Even accused cheats who have undergone less obvious trauma look unlikely to resume their previous lives any time soon. Upreti has just paid another £580 in fees to his solicitor for a forthcoming appeal, with a further £1,200 due to a barrister, and describes himself and his wife as “stuck here” in London. The sentiment is common among those fighting the cheating claims. “We don’t want to go back [to Nepal] without anything,” he says. “I cannot say [to myself] ‘Give up’ — and go back home. So there’s no other way — only to appeal.”

Many fight on to avoid bringing shame on their families. Some have not told relatives about the cheating accusations, while families have disowned others who have told the truth. Sheikh Amin says that his wider family have rejected him because he has spent much of the family’s money fighting the cheating accusations, which have eaten up around £16,000 in legal fees. Having initially misled his parents, he has explained most — but not all — of the situation to them. “I never ever explained that I was in the detention centre because my family is very conservative,” he says. “If they know, the social status is going to be so much down.”


The decline in students arriving in the UK from India — a key source of foreign-student earnings — between 2012-13 and 2016-17

Nabeel Ahsan says the risks of giving up are unacceptable. Before he received his leave to remain, he told an uncle in Pakistan that because he was running out of money and was tired of being barred from working or studying, he wanted to return home. The uncle warned him off. “He said, ‘Nabeel, the allegation will go with you into Pakistan,’” Ahsan recalls. “‘You’ll be detained. You’ll get a criminal record as somebody with a record of deception, which means you’re not a person who can be trusted, which means that you cannot work for a reputable international company.’”

Such concerns are not fanciful, according to Amin. When he considered abandoning his battle and applied for a job in Bangladesh, the process was derailed when the employer asked whether he had ever faced any legal problems. “As soon as I told them, they said, ‘Sorry, we won’t consider you any further.’”

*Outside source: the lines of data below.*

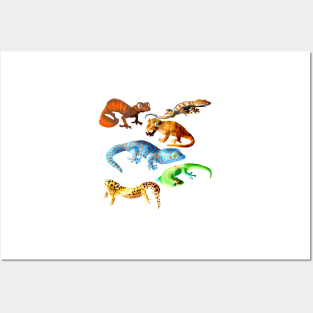 Gecko Galore Posters and Art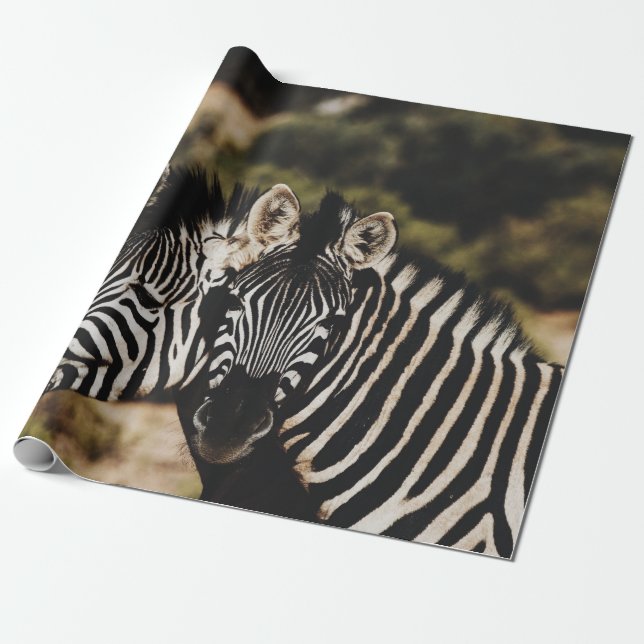 GEMINI WRAPPING PAPER (Unrolled)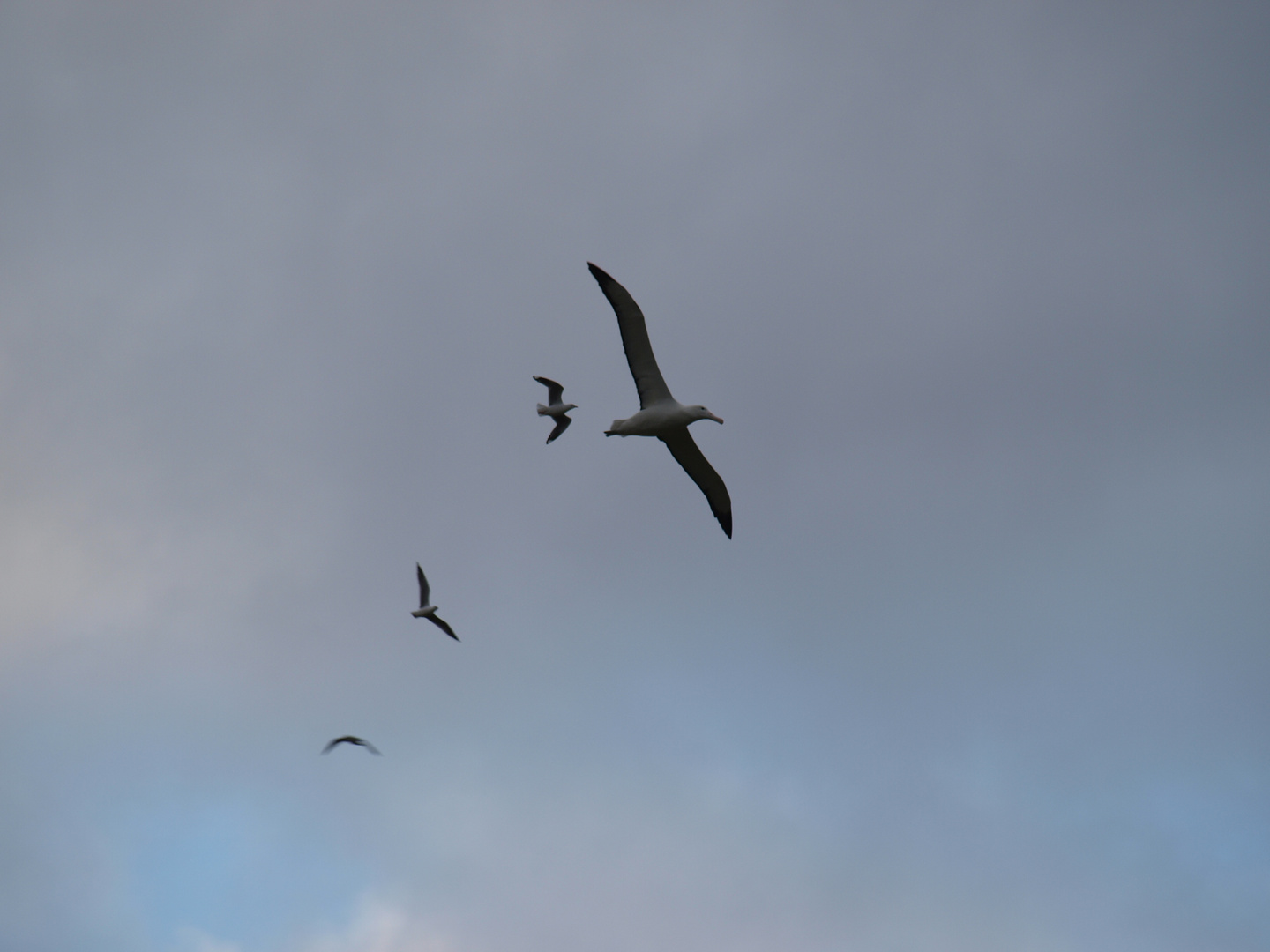 Möwen verfolgen Albatross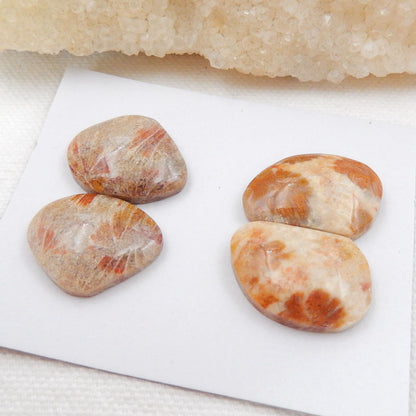 Sale 2 Pairs Indonesian Fossil Coral Gemstone Cabochons, 22x17x6mm, 22x15.5x6mm, 12.3g - MyGemGarden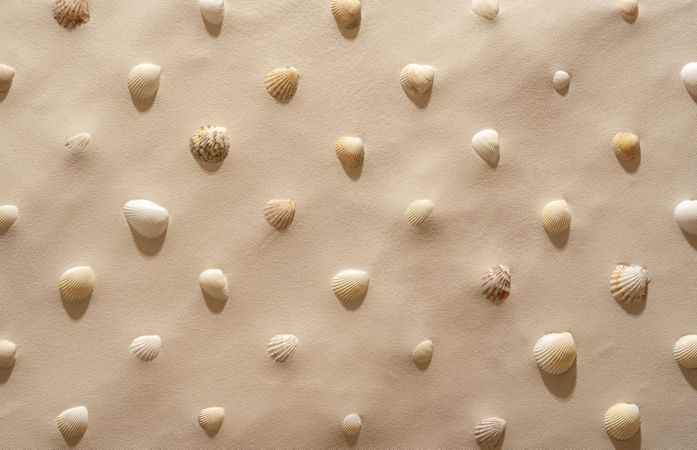 Summer background with shells and sand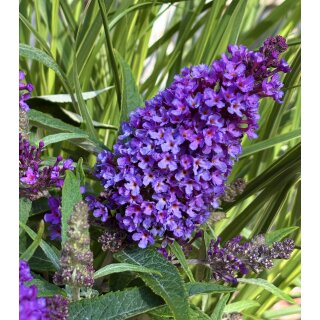 Zwerg-Schmetterlingsflieder Butterfly Candy -R- Liltte Lila~ im großen 3 Liter XL Topf - ideal für Kübel auf Balkon & Terrasse - Schmetterlingsmagnet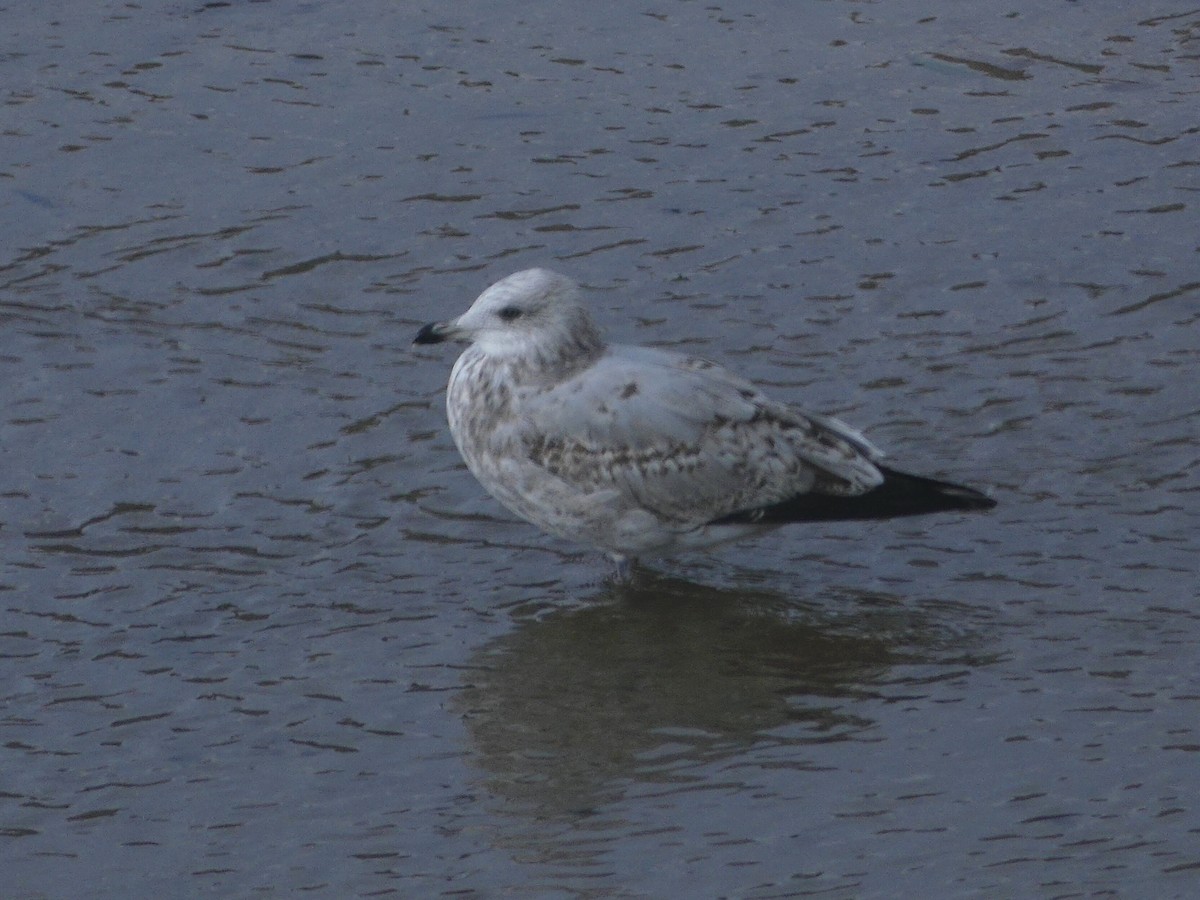 Herring Gull - Bernardo G.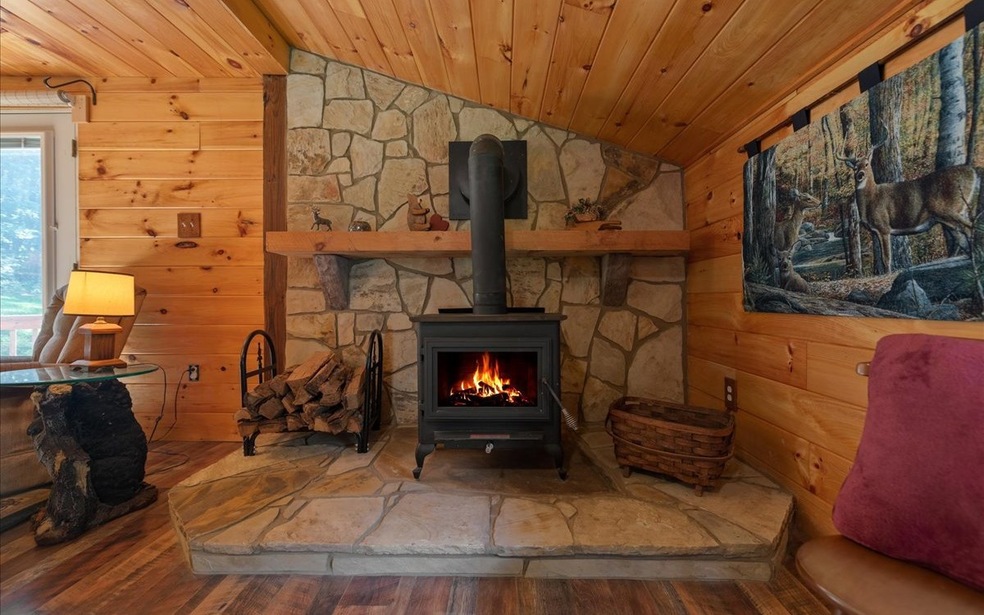 5439 W Hwy 382, Ellijay, GA 30536 - photo 1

The hostile environment is having wider consequences. In January 2018, figures from the Higher Education Statistics Authority showed the number of students arriving in the UK from India — one of the country’s main sources of foreign-student earnings — declined 26 per cent between 2012-13 and 2016-17. Analysts attributed the fall partly to bad publicity surrounding the Home Office’s treatment of Indian students.

Universities’ continued suspicion of even students who have resolved their legal problems seems unlikely to reverse the decline. Mohammad Mohibullah says that when he won his case, his initial new visa allowed him to stay only 60 days while looking for a new educational sponsor. He had been a student at Blake Hall College. “By the time I got my judgment, the college had been shut down and, even though I approached many sponsors, most of them are refusing to take me because of my complicated immigration history,” he says.

Wahidur Rahman now advises friends to avoid the UK. “Finland or Sweden is much easier for foreign students,” he says. “The environment [here] is so toxic now — there’s always trouble.”

Sitting in the atrium of Portcullis House, the MPs’ office building in Westminster, Stephen Timms says he finds such sentiments deeply troubling. He wants the government to offer everyone concerned a new English language test. If they pass, the students should be allowed to resume their studies, while all involved should be allowed to work to clear their debts. He hopes that will provide some compensation. “This whole thing makes me feel just ashamed that our country is treating people so appallingly,” Timms says. “The only mistake they made in many cases is they chose to trust Britain to provide them with a decent education.”